The Sultanate of Dawaro was a Somali Muslim Sultanate founded around the 10th century by the Jarso people, sub-clan of the Dir, centred in Hararghe.

Origins
 
The founder of Dawaro Sultanate was the Somali Jarso people belonging to the Ali Madaḥweyne branch which is a sub-clan of the Somali Dir clan. The Dir clan migrated from Dir Dhaba into Hararghe. Some Jārso along with some other Somali ʿAli Madaḥweyne Dir clans were absorbed into the Afran Qallo Barentuma confederation, Although a lot of the Jārso clan have assimilated with the Oromos, they were not ethnically Oromo and were ethnically Somali.

Conquest of Dawaro
Amda Seyon I of Ethiopia conquered many independent Muslim sultanates adjacent to his Empire during his reign.
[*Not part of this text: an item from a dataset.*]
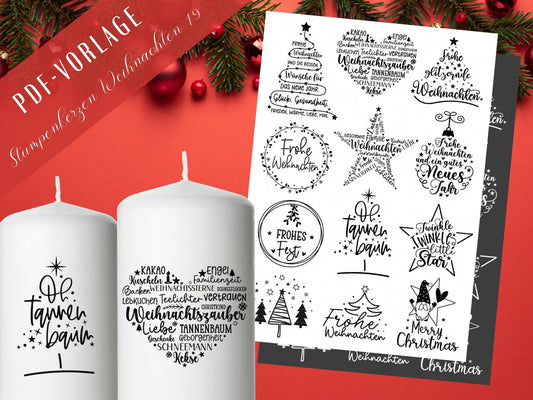 Stumpenkerzen Weihnachten PDF - Kerzentattoo Vorlage - Kerzensticker - Weihnachtszauber - Adventskerzen - Winterlicht - Rub ons Weihnachten - EmidaDesign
In 1329, Sulṭān Ḥaydar of Dawaro was captured and imprisoned together with his ally Sulṭān Sabir ad-Dīn Maḥamed. Despite several rebellions and a brief period when Ahmeduddin Badlay, a powerful Somali ruler of the Adal Sultanate, captured Dawaro and turned it into a vassal, expanding opportunistic Oromos took control of the land and assimilated the native Somali population due to the weakening of Adal during the Ethiopian-Adal war. Just like many Somalis in Hararghe, some of the Jarso people were also assimilated into the Oromo confederation.

Legacy
Dawaro was a major power prior to its defeat and subjugation. It was roughly equal in size, population and power to the early Ifat Sultanate according to Ibn Fadlallah al-Umari.